For this case, colormapping is based on the coordinate position of the initial surface, not the relative view direction. Thus, both the ‘front’ and ‘back’ surfaces have the same color (as compared to Inner/Outer Surface Colormap and Inner/Outer Surface Colormap 2) . Only the shading is based on the view direction of the axes so that both ‘front’ and ‘back’ surfaces are appropriately shaded.

import numpy as np
from matplotlib import pyplot as plt
import s3dlib.surface as s3d
import s3dlib.cmap_utilities as cmu

#.. Trianry colormap used for dual geometry.

# 1. Define function to examine .....................................

def twistFunction(rtz,twists=6) :
    r,t,z = rtz
    # Note: sliced surface needed due to discontinuity @ t=0 if twists is odd
    thickness = 0.33
    w = thickness*z 
    phi = 0.5*t*twists
    R = 1 + w * np.cos(phi)
    Z = w * np.sin(phi)
    return R,t,Z

# 2. Setup and map surfaces .........................................
cmap = cmu.stitch_color('firebrick', [1,1,1,0], 'teal',bndry=[0.4,0.6],name='red_0_cyan')

surface = s3d.CylindricalSurface.grid(6*10,3*90, 'r', cmap=cmap)
surface.map_cmap_from_op(lambda c : c[2])
surface.map_geom_from_op( twistFunction )

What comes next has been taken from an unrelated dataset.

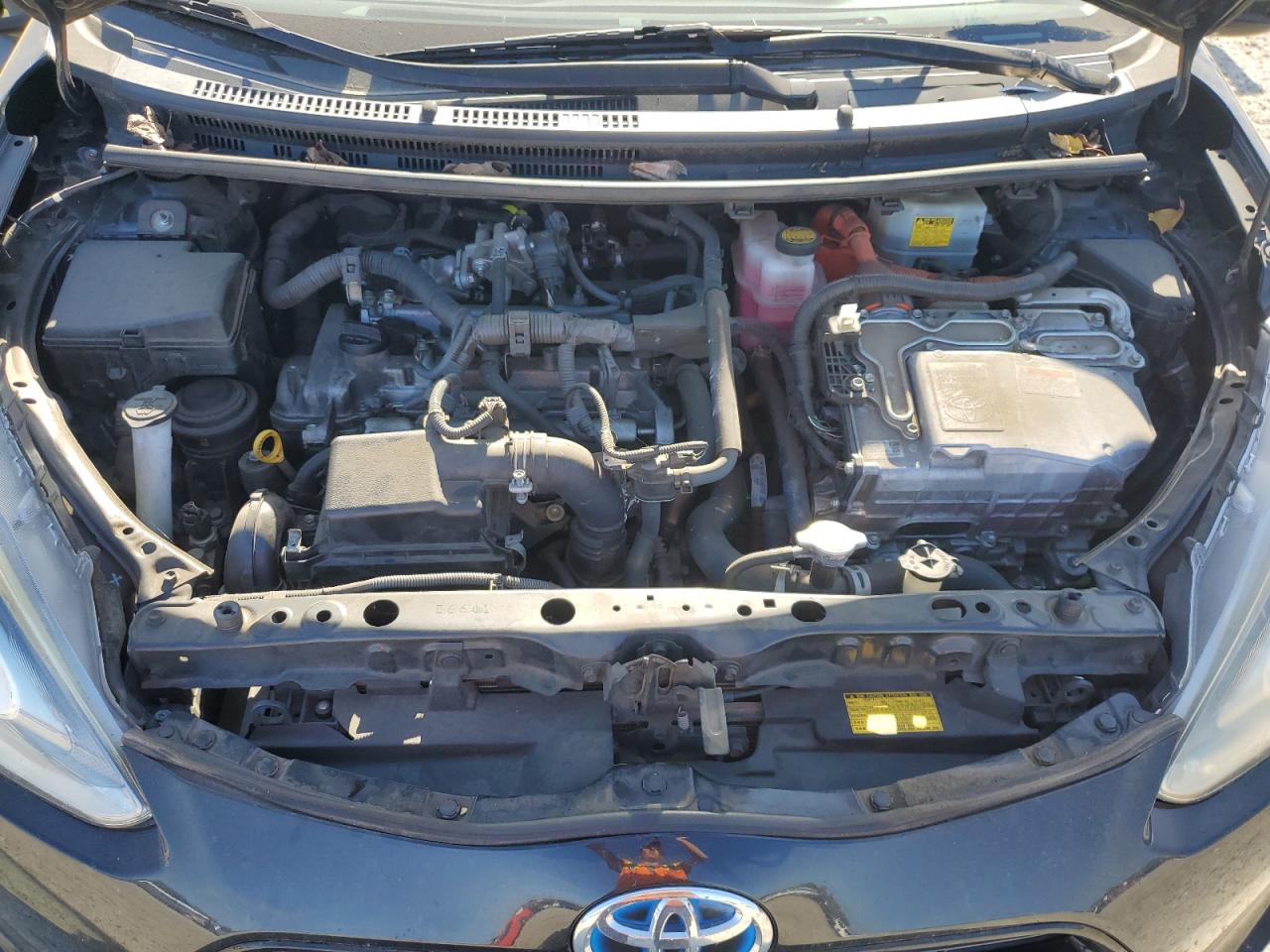 2015 Toyota Prius - Image 12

# 3. Construct figures, add surface, plot ...........................
minmax = (-.85,.85)

fig = plt.figure(figsize=plt.figaspect(1))
ax = plt.axes(projection='3d', aspect='equal')
ax.set(xlim=minmax, ylim=minmax, zlim=minmax)
ax.set_axis_off()
ax.view_init(azim=-70)

ax.add_collection3d(surface.shade(ax=ax).hilite(ax=ax))

fig.tight_layout(pad=0)
plt.show()

Colormaps with transparency can be used to ‘clip’ a surface using the clip_alpha method. When using the same function as above, two surfaces may be constructed with binary colormaps which visually appear as the above single surface*. Using the following colormaps:

../../_images/cmap_two_ribbons_2.png

the two surfaces can now be colormapped using different binary colormaps to visualize both surfaces with back and front surfaces, as seen below:

../../_images/two_ribbons_2.png

For this case, the map_cmap_from_normals method uses the axes view direction after the geometric twist mapping has been applied.

import numpy as np
from matplotlib import pyplot as plt
import s3dlib.surface as s3d
import s3dlib.cmap_utilities as cmu

#.. Transparency colormap used for dual geometry, with front/back surfaces

# 1. Define function to examine .....................................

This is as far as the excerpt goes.